The Parameter Smoothing section in the User Manual explains it in more detail.

Movement Direction

Every Update the first thing we need to do is calculate which direction the character wants to move.

protected virtual void Update()
{
    Vector3 movementDirection = GetMovementDirection();

    ...
}

private Vector3 GetMovementDirection()
{

We could use SampleInput.WASD, but that would be limited to only 8 directions unless we use a controller instead of a keyboard. So instead, this sample will move the character towards the mouse position to properly demonstrate blending in any direction using some Vector Math and Raycasting.

To calculate the world position the mouse is pointing at, we need a Ray from the Camera based on the screen position of the mouse:

    Ray ray = Camera.main.ScreenPointToRay(SampleInput.MousePosition);

Then we can use a Physics.Raycast to find out where that Ray intersects a Collider in the world:

    if (!Physics.Raycast(ray, out RaycastHit raycastHit))
        return Vector3.zero;
  • Physics.Raycast returns true if the ray hits something, so the ! means that if it misses then we simply return Vector3.zero as the movement direction.
  • The out parameter works like a returned value to give us the RaycastHit which contains the details of what was hit.
  • Early Returns like this can make code easier to read.

In this case, the detail we need is the raycastHit.point which tells us where the Ray hit something. So the direction we want to move is the vector from our current transform.position to the hit point:

    Vector3 direction = raycastHit.point - transform.position;

Since the character will be moving a certain distance every frame, it's unlikely that they will ever actually reach the exact target position. In a real game, things like physics collisions would make it even less likely. So to avoid causing the character to jitter back and forth over the target position, we simply compare the Squared Magnitude of the direction with a small _StopProximity value to let the charaqcter stop moving if they're already close to the destination.

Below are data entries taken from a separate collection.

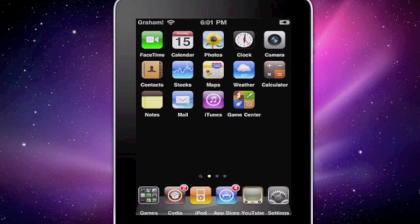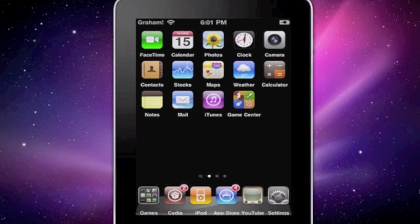What's up guys, this is HelpfulRideVice coming at you in another video. Today I'm going to show you how to change the size of your springboard icons, and also you can make them transparent or rotated — so it's like a much better version of Shrink. You do have to have iOS 4.0 or above. So let's get started.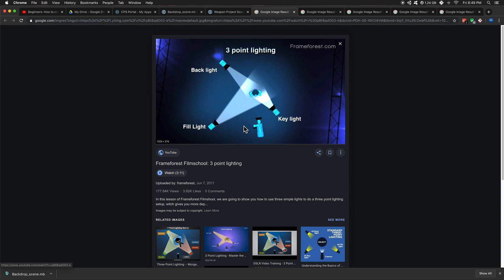So the key light, you'll notice, it's brighter, it's a little bit closer. This is our subject, so this could be whatever. This could be a model that you create, a weapon, character, anything. This is our fill light, a little further back, not as bright, and a backlight.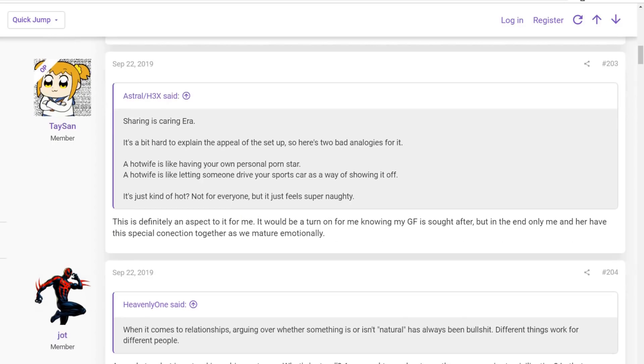And then a taste on response. This is definitely an aspect to it for me. It would be a turn on knowing my wife, her girlfriend, is sought after. But at the end of the day, only me and her have this special connection together as we mature emotionally.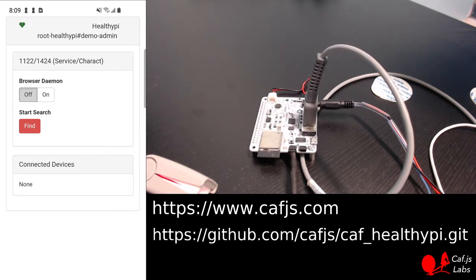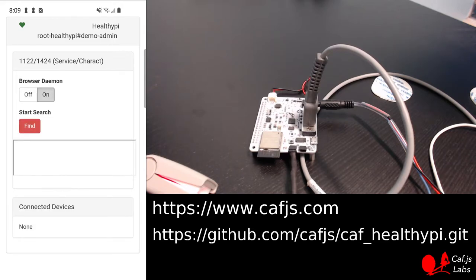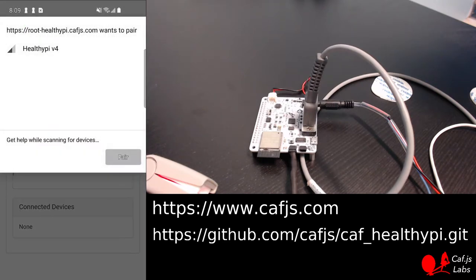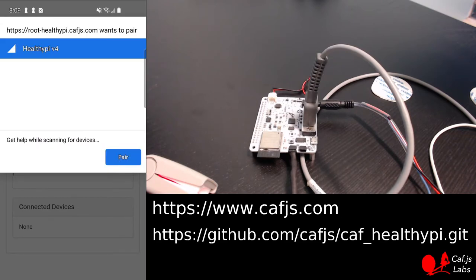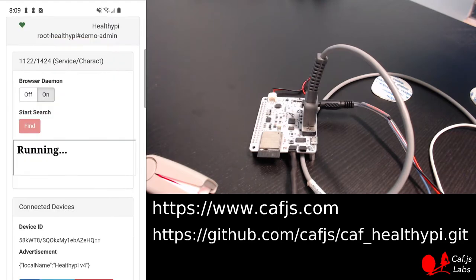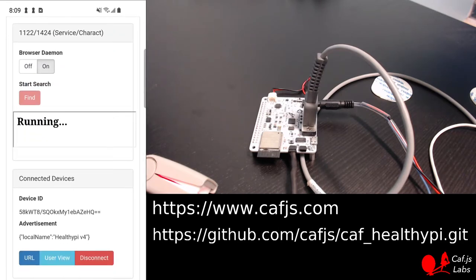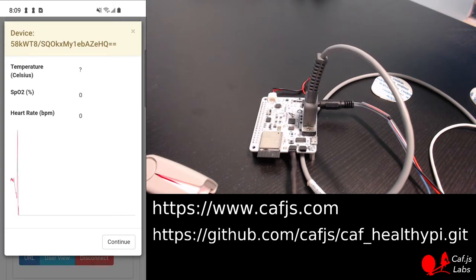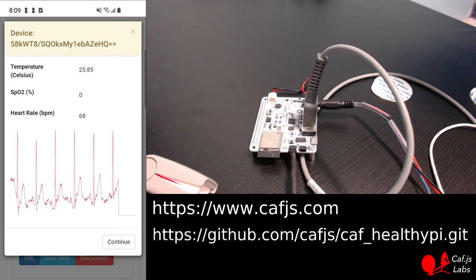The first thing we do is to start the scanning process to find the Healthy Pi using the Web Bluetooth API. We find Healthy Pi and pair with it. Now we confirm and we are already connected to the Healthy Pi, and we can check the state data simply by creating a user view. And that's my heart.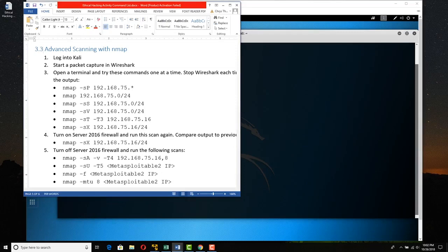Let's do some advanced scanning with Nmap. Of all the tools that you learn how to use, Nmap and Netcat are probably the two where you actually have to know the syntax, besides some of the built-in Windows and Linux commands. Of all the third-party tools, Nmap and Netcat are the two where you actually need to know the commands.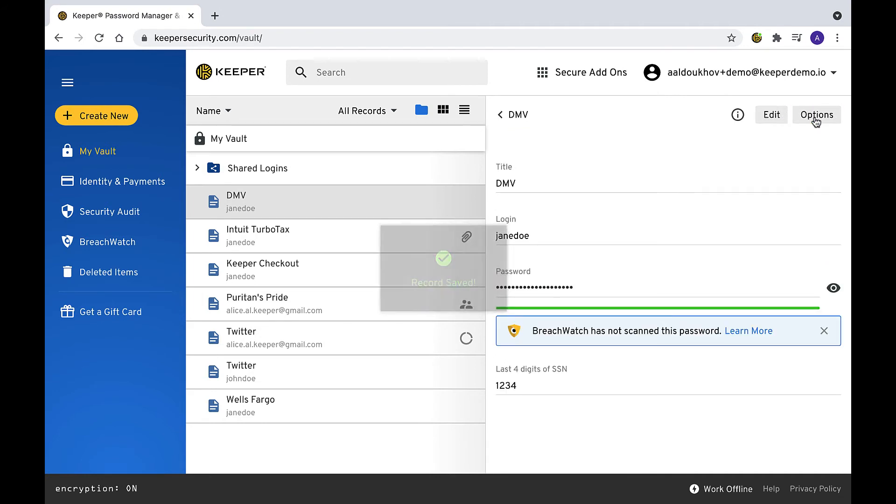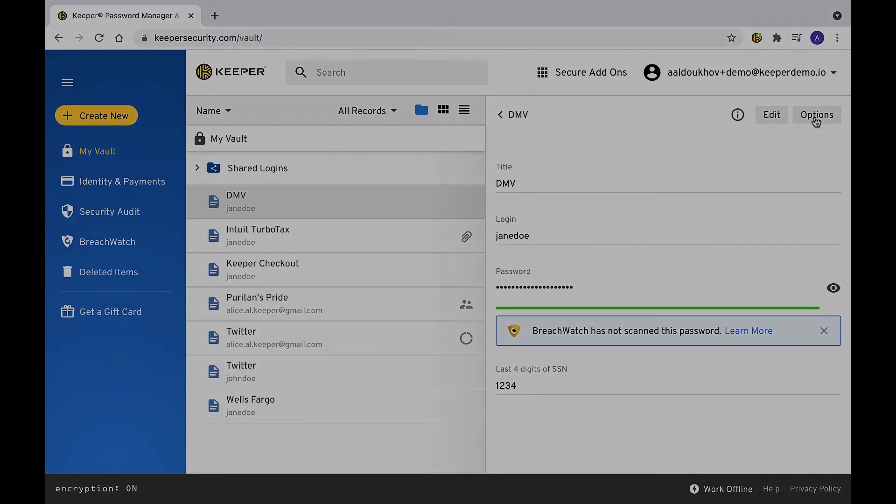The next time you log into that site, the field can be automatically filled and make your login even easier.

    float squaredDistance = direction.sqrMagnitude;
    if (squaredDistance <= _StopProximity * _StopProximity)
    {
        return Vector3.zero;
    }

Otherwise, we need to Normalize the direction so that we don't change speed based on distance.

    else
    {
        return direction / Mathf.Sqrt(squaredDistance);
    }
}

Calling direction.Normalize() would do the same thing, but would waste a tiny bit of performance calculating the magnitude again.

Parameter Calculation

Back in the Update method, we now have the direction we want to move:

protected virtual void Update()
{
    Vector3 movementDirection = GetMovementDirection();

That direction is in world space but we need it in the character's local space to calculate the blending parameters to that "right" means "the character's right" instead of "world space right". That can be easily done using Transform.InverseTransformDirection:

    Vector3 localDirection = transform.InverseTransformDirection(movementDirection);

Then we simply set the TargetValue of the smoothed parameter to make it start moving towards those values:

  • Parameter X towards Direction X (right/left).
  • Parameter Y towards Direction Z (forwards/backwards).
  • Ignore Direction Y because the Mixer is only 2D.
    _SmoothedParameter.TargetValue = new Vector2(localDirection.x, localDirection.z);
}

Further Development

The blending shown here is pretty good, but there are a few movement directions which don't animate realistically and can cause the legs to intersect with each other. The obvious solution is to give the Mixer more animations to cover diagonal movement.

Another approach is to set up a system for defining where the areas of bad blending are in parameter space, then when the parameters would go into those areas you rotate the character's hips to get them out of that area and rotate their chest in the opposite direction so that they're still facing the right way. That's essentially what people do in real life to avoid this problem, rotate their hips so they can essentially walk directly forwards or backwards in the direction they want to move and twist their upper body to face the direction they want to face.